The town, once a stop-off for backpackers en route to Ubud’s yoga studios and hippy scene, has in recent years become a hub for self-described “digital nomads”. In Canggu’s cafés, barefoot westerners run fledgling companies from MacBook Pros. When not talking Facebook ads or cost-per-click, they socialise exclusively with each other. “The thing is, not many Indonesians are on a level with bule [an Indonesian term for foreigners],” explains one digital nomad over the fart of hot tub jets in Amo, a luxury spa. Around us, statue-like men wander in and out of steam rooms (CrossFit is big here), talking about e-commerce and intermittent fasting.
Inside the city’s co-working spaces (Dojo is the oldest in Canggu, Outpost the new challenger), people are building business empires selling products they’ve never handled, from countries they’ve never visited, to consumers they’ve never met. Welcome to the world of dropshipping.
Dropshipping is a “fulfilment” method. At one end of the supply chain, an entrepreneur identifies a product – usually through Chinese e-commerce platform AliExpress – which they think they can sell to European or American consumers. They create a website using Shopify, and identify and target buyers, typically using Facebook ads, although you will find dropshippers on other platforms, including Instagram, or selling through marketplaces such as online homeware store Wayfair.
When an order is received, the dropshipper purchases the item through AliExpress, and has it shipped directly to the buyer, pocketing their mark-up minus marketing spend.
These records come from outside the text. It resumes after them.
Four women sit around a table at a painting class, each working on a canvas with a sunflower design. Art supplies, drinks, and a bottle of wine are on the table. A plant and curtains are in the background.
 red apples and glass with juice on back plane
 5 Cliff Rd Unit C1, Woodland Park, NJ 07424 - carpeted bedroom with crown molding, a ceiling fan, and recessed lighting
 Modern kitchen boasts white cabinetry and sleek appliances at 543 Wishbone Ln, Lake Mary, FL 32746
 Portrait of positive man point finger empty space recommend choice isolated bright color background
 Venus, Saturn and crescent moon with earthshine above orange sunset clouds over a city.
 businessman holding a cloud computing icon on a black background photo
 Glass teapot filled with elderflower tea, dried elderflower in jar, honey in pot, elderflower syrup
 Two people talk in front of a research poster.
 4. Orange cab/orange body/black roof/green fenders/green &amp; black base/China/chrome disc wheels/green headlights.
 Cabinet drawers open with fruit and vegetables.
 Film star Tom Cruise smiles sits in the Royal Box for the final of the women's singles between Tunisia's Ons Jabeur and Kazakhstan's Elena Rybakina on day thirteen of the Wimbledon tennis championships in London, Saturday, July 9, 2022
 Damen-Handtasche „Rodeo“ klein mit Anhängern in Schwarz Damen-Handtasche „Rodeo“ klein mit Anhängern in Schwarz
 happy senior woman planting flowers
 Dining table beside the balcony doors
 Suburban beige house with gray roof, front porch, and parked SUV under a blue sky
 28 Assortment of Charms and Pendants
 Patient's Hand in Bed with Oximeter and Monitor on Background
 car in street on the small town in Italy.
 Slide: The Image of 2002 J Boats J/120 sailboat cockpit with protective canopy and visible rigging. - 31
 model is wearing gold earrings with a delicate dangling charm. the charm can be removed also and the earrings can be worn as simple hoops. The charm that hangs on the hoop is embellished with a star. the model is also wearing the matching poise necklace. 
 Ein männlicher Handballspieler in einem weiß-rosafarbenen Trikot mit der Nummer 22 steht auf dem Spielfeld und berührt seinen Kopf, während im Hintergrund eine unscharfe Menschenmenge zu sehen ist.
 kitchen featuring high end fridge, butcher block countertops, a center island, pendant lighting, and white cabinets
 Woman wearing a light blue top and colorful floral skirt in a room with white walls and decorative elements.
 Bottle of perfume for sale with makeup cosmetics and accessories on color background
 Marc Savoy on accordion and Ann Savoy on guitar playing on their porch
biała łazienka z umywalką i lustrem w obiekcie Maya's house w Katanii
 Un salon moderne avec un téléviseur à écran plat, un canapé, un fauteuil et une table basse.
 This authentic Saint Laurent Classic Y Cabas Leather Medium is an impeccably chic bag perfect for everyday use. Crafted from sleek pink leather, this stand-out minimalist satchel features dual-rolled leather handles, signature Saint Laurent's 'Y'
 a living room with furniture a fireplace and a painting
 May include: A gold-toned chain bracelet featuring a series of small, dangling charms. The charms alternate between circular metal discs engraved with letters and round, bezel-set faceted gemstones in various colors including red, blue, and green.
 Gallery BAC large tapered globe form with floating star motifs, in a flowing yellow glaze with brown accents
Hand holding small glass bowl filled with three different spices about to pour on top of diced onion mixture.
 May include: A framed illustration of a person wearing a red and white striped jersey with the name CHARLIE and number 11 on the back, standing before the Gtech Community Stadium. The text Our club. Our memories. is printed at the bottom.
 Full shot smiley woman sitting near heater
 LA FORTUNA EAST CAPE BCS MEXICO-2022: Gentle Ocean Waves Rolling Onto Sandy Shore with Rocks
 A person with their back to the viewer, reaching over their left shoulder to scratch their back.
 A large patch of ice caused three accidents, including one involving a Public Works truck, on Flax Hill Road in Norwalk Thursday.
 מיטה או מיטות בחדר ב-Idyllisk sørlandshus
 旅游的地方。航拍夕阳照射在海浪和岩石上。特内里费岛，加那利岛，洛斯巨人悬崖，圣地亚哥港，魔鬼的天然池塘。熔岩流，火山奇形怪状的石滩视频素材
At no point does a dropshipper hold stock: they are simply the middleman in a globalised supply chain.
Successful dropshippers often solve so-called “pain points”. Perhaps you like to go running with your dog, but find holding the lead a chore. A dropshipper finds a hands-free running leash on AliExpress, and targets it via Facebook to dog-loving runners. They’ll create a video showcasing its benefits (videos outperform imagery), and then haunt you with that video until you give in and purchase the item. At this point, you’ll wait up to a month for delivery – lengthy order processing times are a dropshipping tell – because the item is being shipped from China.
Although there is a strong dropshipping scene in other places, notably the mountainous city of Chiang Mai in northern Thailand, Canggu has become an increasingly popular destination, with its affordable cost of living, vibrant café culture and great surf. Agung Suryawan Wiranatha, director of the Centre of Excellence in Tourism at Udayana University in Denpasar, the Balinese capital, says that so-called digital nomads started moving to Canggu about four years ago. Michael Craig, founder of co-working space Dojo, identifies the moment that well-known dropshipper Johnny FD moved to the area, in March 2017, as a turning point – where the popular blogger and YouTuber went, others followed. The following year, Outpost was built in the space of a few months, to meet the community’s growing demand for workspaces.